**EXERCISE**: Every entry below should be written out exactly, and no image should appear.

>>

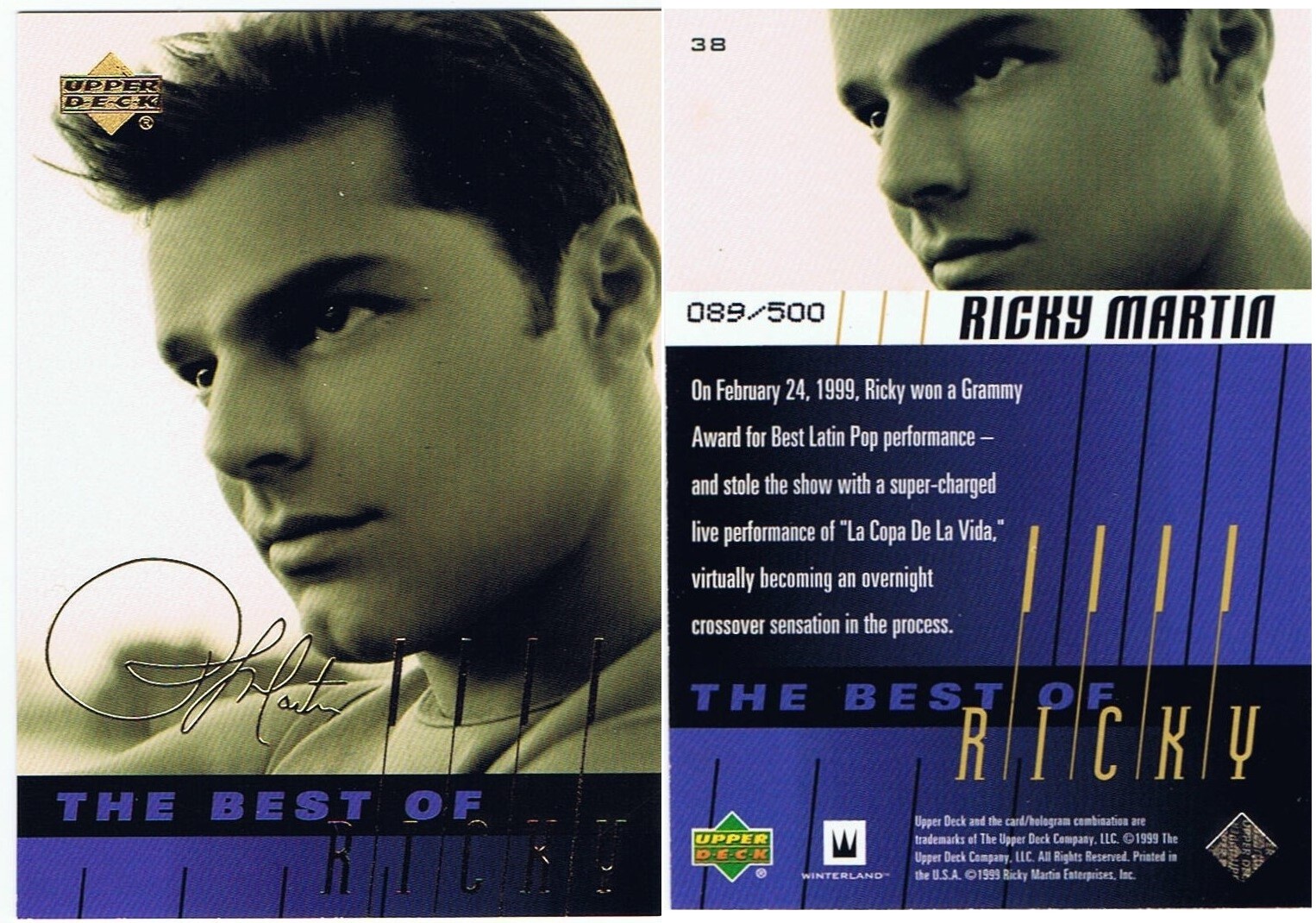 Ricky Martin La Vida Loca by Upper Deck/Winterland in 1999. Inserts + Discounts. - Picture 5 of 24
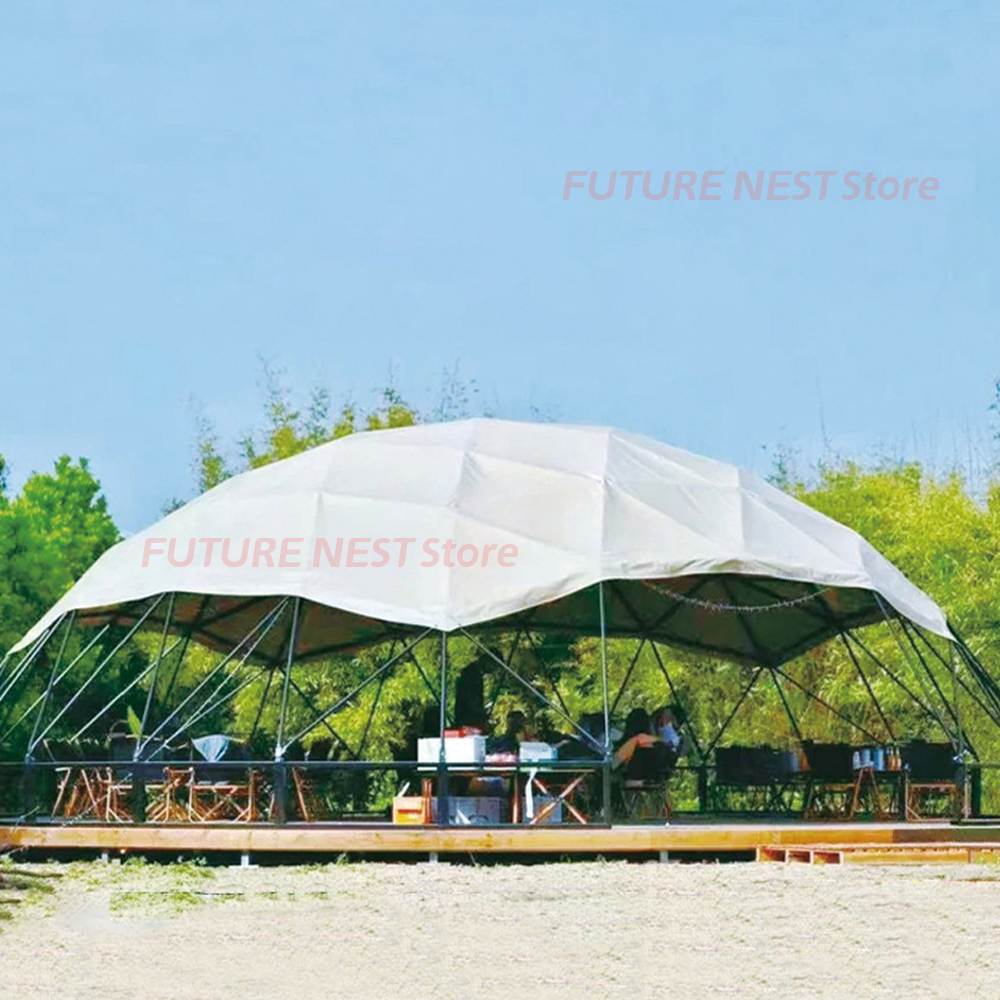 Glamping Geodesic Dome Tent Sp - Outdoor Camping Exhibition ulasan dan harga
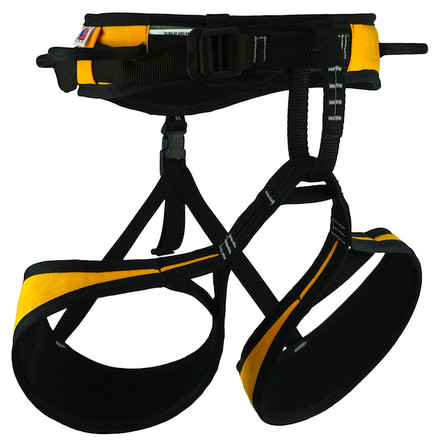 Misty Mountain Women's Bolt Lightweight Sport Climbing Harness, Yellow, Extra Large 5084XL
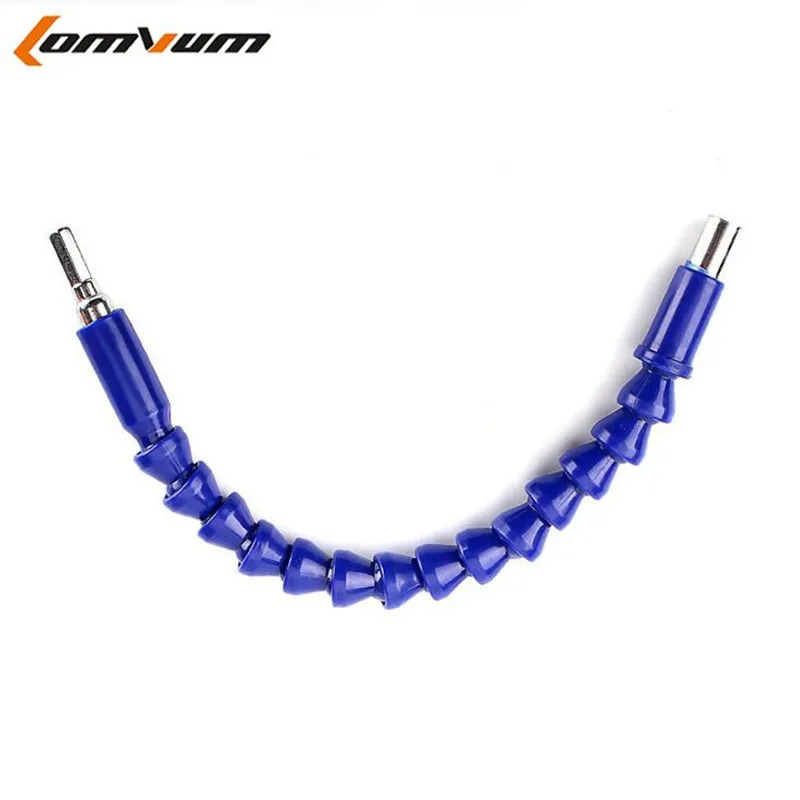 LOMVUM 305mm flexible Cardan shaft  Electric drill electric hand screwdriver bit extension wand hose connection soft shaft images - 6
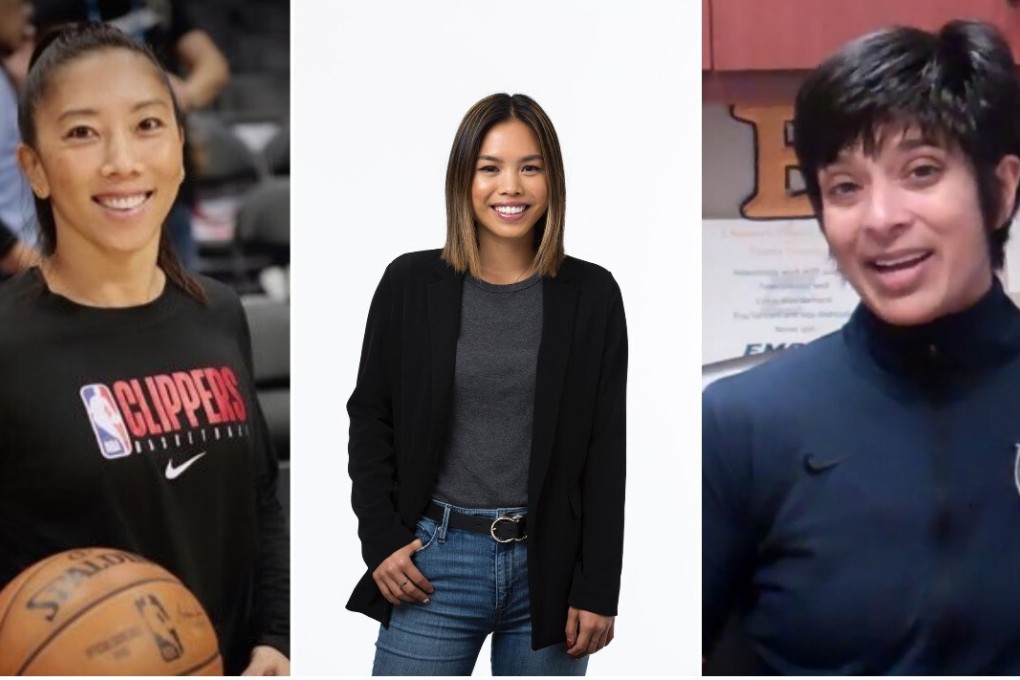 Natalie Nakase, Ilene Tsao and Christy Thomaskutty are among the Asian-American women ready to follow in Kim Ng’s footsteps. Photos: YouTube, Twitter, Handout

<<

**ANSWER SECTION**:
 Ricky Martin La Vida Loca by Upper Deck/Winterland in 1999. Inserts + Discounts. - Picture 5 of 24
 Glamping Geodesic Dome Tent Sp - Outdoor Camping Exhibition ulasan dan harga
 Misty Mountain Women's Bolt Lightweight Sport Climbing Harness, Yellow, Extra Large 5084XL
 LOMVUM 305mm flexible Cardan shaft  Electric drill electric hand screwdriver bit extension wand hose connection soft shaft images - 6
 Natalie Nakase, Ilene Tsao and Christy Thomaskutty are among the Asian-American women ready to follow in Kim Ng’s footsteps. Photos: YouTube, Twitter, Handout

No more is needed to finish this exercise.